Google appears unlikely to win any new friends with its decision to come out publicly in favor of the Trans-Pacific Partnership (TPP), a widely controversial trade agreement that is in the works between the United States and 11 other countries.
In a blog post June 10, Google Senior Vice President and General Counsel Kent Walker expressed hope that Congress would quickly approve the pact, which was signed earlier this year by officials from the participating countries.
“The TPP is not perfect, and the trade negotiation process could certainly benefit from greater transparency,” Walker conceded in his post. But, while Google will continue to advocate for process reforms, the pact overall represents a force for good on the Internet, he said.
“Like many other tech companies, we look forward to seeing the agreement approved and implemented in a way that promotes a free and open Internet across the Pacific region,” he said.
The company’s rosy view of the TPP puts it at odds with many people, including rights advocacy groups, organized labor and lawmakers from both sides of the aisle who see the pact as a secretive treaty designed to bolster the interests of corporate giants.

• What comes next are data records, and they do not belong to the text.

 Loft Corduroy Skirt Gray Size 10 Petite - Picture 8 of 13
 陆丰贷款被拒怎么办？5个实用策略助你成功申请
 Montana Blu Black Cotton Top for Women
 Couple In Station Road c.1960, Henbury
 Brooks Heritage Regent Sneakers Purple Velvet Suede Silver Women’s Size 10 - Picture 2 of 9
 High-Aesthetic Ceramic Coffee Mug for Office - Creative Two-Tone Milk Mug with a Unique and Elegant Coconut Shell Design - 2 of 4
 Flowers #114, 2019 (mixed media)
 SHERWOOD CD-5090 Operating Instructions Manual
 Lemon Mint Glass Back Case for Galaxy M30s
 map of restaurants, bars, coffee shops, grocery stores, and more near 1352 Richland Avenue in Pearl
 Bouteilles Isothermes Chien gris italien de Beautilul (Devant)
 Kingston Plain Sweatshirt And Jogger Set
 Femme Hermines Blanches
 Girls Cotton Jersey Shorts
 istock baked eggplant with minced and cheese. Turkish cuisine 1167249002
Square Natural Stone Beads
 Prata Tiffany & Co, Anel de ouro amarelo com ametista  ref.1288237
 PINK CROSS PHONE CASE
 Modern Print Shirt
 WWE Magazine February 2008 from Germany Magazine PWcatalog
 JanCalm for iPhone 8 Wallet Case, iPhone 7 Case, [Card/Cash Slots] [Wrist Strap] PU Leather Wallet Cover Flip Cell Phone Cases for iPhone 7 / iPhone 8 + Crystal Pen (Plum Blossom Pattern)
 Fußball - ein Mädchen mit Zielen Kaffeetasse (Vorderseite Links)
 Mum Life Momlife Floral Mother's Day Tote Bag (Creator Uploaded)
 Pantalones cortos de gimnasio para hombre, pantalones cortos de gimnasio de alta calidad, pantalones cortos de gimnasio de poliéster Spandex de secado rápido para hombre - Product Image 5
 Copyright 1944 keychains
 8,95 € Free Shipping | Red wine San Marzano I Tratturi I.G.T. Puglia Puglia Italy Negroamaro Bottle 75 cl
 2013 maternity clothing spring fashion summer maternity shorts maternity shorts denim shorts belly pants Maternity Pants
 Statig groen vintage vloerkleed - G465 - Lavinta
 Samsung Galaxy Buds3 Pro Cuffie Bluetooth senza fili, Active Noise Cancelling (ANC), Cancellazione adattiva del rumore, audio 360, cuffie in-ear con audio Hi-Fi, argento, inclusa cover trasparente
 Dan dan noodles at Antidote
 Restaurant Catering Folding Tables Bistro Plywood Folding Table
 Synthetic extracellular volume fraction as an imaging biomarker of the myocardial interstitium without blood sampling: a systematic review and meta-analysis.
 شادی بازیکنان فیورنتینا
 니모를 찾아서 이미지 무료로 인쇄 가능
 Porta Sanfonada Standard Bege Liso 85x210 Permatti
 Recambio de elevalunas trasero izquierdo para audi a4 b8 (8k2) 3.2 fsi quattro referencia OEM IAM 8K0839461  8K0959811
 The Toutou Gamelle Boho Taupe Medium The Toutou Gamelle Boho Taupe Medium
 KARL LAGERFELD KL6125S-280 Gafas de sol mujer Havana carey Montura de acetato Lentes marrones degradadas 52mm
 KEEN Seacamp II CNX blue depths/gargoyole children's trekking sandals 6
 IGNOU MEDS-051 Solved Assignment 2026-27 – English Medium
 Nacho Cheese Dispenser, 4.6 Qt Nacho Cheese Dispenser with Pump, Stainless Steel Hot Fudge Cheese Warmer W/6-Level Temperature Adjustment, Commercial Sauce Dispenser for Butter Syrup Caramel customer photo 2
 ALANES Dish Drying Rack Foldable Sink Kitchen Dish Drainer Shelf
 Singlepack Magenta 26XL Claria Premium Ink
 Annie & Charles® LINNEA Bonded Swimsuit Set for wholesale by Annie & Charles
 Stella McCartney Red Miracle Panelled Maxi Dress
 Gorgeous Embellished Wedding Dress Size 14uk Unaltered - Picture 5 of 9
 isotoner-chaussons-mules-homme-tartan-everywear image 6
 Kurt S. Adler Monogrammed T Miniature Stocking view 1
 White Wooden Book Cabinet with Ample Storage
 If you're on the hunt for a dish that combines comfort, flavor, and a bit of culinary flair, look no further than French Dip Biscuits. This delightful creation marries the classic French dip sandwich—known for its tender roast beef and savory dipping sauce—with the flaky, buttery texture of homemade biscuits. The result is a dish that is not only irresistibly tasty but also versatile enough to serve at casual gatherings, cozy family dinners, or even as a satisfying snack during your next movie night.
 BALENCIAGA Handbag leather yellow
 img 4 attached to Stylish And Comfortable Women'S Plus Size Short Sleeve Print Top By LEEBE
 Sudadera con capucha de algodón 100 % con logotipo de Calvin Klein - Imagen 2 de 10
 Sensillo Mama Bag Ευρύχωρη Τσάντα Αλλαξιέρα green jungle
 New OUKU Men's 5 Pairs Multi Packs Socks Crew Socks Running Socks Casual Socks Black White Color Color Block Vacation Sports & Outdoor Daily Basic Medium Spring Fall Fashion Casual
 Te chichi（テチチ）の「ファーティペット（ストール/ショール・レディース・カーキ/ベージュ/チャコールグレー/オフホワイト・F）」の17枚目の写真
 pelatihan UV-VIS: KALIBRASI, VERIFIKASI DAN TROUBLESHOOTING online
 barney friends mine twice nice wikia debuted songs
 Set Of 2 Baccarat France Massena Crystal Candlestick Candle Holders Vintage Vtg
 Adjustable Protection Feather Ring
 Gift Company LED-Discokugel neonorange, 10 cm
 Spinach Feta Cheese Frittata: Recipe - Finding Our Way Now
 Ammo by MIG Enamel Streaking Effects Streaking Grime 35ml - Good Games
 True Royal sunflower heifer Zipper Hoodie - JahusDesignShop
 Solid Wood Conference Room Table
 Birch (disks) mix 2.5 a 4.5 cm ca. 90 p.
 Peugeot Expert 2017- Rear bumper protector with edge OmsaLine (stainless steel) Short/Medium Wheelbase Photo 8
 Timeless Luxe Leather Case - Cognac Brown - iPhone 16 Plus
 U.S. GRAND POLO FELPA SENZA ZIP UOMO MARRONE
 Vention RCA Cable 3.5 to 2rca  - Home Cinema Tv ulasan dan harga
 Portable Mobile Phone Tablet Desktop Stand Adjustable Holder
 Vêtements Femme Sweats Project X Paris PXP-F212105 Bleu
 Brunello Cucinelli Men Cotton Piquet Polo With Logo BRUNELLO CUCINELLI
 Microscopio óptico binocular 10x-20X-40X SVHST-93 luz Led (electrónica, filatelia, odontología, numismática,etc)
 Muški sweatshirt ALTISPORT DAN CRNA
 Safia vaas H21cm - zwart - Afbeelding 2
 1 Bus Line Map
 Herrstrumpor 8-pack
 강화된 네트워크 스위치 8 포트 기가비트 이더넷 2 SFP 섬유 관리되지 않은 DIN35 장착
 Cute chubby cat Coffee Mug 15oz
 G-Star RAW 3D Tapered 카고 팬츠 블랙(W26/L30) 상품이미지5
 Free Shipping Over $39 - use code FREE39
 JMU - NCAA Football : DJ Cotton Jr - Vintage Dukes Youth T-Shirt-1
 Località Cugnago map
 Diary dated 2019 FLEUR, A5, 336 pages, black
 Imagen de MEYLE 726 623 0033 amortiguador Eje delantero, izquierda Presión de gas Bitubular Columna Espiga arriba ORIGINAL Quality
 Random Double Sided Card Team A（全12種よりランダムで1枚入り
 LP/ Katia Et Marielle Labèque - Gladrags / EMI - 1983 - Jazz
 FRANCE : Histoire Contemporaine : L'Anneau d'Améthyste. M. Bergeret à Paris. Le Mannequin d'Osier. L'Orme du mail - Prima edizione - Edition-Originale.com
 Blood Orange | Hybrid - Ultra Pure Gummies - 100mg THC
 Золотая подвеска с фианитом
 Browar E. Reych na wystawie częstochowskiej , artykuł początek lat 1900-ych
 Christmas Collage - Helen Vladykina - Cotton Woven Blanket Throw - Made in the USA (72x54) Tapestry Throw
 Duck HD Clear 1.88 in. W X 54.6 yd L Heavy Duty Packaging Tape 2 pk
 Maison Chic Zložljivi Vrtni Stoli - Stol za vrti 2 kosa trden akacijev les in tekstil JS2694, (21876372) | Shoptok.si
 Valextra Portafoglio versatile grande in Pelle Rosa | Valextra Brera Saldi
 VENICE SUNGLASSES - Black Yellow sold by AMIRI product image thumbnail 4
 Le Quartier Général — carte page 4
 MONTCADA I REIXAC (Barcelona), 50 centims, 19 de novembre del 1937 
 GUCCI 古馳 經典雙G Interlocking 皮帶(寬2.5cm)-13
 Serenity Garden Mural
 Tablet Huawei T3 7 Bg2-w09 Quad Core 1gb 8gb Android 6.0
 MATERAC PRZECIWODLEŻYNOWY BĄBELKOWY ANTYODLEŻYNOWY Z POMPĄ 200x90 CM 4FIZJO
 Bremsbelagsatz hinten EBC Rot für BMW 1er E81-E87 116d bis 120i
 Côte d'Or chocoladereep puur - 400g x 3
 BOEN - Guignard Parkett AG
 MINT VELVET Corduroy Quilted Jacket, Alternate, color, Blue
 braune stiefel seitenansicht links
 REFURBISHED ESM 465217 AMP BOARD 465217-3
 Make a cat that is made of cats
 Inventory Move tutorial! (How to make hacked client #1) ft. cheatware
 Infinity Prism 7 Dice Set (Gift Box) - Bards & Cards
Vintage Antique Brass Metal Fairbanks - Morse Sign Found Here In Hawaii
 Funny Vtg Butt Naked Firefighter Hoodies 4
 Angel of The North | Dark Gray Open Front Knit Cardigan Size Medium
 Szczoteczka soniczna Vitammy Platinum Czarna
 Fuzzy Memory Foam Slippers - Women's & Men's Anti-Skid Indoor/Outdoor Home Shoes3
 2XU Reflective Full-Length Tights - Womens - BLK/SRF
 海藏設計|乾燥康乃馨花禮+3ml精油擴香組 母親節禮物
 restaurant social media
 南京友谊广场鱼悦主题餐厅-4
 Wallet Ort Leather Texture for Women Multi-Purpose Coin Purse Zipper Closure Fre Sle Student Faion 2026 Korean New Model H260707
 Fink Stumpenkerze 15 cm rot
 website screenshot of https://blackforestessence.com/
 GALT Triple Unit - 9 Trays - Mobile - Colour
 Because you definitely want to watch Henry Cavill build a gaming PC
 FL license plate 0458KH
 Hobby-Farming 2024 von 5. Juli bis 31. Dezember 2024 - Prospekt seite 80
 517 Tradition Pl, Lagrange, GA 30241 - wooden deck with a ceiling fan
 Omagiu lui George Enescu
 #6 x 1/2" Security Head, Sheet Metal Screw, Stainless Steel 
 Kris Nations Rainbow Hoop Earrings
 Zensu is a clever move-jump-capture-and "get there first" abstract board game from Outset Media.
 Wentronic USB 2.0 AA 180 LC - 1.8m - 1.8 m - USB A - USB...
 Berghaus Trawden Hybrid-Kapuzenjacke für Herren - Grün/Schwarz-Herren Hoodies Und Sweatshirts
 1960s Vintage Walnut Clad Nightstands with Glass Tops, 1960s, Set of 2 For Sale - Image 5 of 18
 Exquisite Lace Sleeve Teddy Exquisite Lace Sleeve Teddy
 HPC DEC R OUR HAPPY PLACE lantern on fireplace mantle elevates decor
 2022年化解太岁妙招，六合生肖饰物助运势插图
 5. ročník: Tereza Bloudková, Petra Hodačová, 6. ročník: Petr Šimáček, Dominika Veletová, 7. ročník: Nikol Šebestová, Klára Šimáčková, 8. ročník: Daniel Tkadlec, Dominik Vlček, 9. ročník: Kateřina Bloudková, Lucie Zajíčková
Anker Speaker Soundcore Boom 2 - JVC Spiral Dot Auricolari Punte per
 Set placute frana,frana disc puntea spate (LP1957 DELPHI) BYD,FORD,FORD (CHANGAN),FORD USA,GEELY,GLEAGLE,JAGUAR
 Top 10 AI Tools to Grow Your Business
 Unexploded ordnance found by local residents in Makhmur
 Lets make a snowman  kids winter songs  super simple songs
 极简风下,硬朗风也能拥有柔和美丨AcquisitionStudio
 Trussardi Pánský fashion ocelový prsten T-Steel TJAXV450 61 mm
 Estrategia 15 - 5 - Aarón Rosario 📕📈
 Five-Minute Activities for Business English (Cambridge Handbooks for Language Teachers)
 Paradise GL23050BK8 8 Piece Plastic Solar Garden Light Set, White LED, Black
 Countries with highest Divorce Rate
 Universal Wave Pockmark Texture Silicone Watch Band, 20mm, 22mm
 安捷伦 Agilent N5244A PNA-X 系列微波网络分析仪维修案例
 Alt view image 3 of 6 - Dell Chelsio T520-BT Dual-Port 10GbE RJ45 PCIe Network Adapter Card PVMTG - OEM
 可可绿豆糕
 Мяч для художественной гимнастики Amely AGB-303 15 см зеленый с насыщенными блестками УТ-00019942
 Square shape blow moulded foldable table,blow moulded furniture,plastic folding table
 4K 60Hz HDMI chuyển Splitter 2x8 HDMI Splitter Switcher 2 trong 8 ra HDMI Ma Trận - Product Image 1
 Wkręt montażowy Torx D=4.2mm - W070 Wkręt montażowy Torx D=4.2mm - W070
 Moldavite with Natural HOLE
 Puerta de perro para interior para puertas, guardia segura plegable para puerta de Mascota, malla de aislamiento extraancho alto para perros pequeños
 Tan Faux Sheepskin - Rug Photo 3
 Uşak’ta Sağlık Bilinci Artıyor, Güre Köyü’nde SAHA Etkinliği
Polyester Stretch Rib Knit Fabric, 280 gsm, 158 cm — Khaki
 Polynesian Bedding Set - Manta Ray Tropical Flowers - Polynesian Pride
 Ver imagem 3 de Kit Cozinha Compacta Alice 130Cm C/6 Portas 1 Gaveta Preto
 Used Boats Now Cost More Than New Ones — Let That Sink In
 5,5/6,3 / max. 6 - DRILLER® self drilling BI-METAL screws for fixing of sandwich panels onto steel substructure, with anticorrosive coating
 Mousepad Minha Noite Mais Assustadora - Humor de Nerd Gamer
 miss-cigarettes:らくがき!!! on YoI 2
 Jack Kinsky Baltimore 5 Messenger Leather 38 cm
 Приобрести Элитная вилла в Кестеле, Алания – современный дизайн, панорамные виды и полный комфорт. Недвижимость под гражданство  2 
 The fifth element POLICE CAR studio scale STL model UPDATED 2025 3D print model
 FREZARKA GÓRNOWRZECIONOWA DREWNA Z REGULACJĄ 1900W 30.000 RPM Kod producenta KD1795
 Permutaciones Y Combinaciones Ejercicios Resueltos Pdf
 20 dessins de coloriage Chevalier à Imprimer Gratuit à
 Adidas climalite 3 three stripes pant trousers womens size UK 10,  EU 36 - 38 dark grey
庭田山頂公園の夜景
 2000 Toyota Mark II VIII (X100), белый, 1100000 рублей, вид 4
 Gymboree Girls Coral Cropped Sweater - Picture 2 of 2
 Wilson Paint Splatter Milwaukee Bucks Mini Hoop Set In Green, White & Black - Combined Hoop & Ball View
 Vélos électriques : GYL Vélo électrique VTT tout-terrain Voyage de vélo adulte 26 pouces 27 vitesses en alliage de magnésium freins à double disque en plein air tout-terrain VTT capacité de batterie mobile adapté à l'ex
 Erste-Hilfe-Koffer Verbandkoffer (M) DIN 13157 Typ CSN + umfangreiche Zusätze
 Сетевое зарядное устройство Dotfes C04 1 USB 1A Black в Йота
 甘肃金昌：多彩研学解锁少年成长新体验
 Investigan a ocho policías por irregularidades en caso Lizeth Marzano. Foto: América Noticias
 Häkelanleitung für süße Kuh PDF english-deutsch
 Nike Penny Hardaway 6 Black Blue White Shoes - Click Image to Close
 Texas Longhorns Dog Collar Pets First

The TPP is a trade agreement between the United States, Australia, Canada, Japan, Mexico, Peru, Chile, New Zealand and three other countries. The pact’s many proponents in the U.S., led by the Obama administration, have pitched it as an agreement that will make it easier for American businesses to sell their products in other countries.
According to an official description, the TPP eliminates about 18,000 taxes and other trade barriers on American products sold in the 11 participating countries and, by making it easier to sell American goods overseas, will boost job growth at home.
The TPP also includes new provisions for copyright and intellectual property protection that its proponents say will protect U.S. companies against infringement, piracy and counterfeiting.
According to Google’s Walker, the TPP will enable better and more secure cross-border transfer of information and will prohibit participating countries from requiring local storage of cloud data. The TPP will balance the interest of copyright holders with the public interest in the broader dissemination and use of their work, Walker maintained.
Importantly, the trade pact will prohibit governments in the participating countries from discriminating against foreign Internet service providers and limit their ability to demand access to customer data and encrypted keys.
“We hope that the TPP can be a positive force and an important counterweight to restrictive Internet policies around the world,” he said.
Many though, including contenders in the U.S. presidential race, have slammed the TPP as being a pact that will only lead to more offshoring of jobs, lower wages and unsafe imports. Sen. Bernie Sanders, who has been one of the many vocal critics of the TPP, has described it as a treaty written behind closed doors by large corporations including those in the pharmaceutical and media industries. According to him, the pact threatens the wages, benefits and collective bargaining power of U.S. workers.
Others like the Electronic Frontier Foundation have warned about the TPP introducing restrictive new copyright and IP protection laws designed to protect the interests of large multinational corporations. The pact would put new restrictions on journalists and whistleblowers, limit fair use of copyrighted material, and put in place punitive and disproportional criminal sanctions even for noncommercial file sharing and copyright infringement.
Dozens of comments on Google’s blog in response to Walker’s post reflected disappointment and anger at the company’s decision to support the TPP.
“So, the ‘don’t be evil’ era at Google is officially over?” one anonymous commenter noted. Another commenter using the name David Crane described Google’s stance as shameful. “This is not at all good for consumers, especially in the declining middle class.”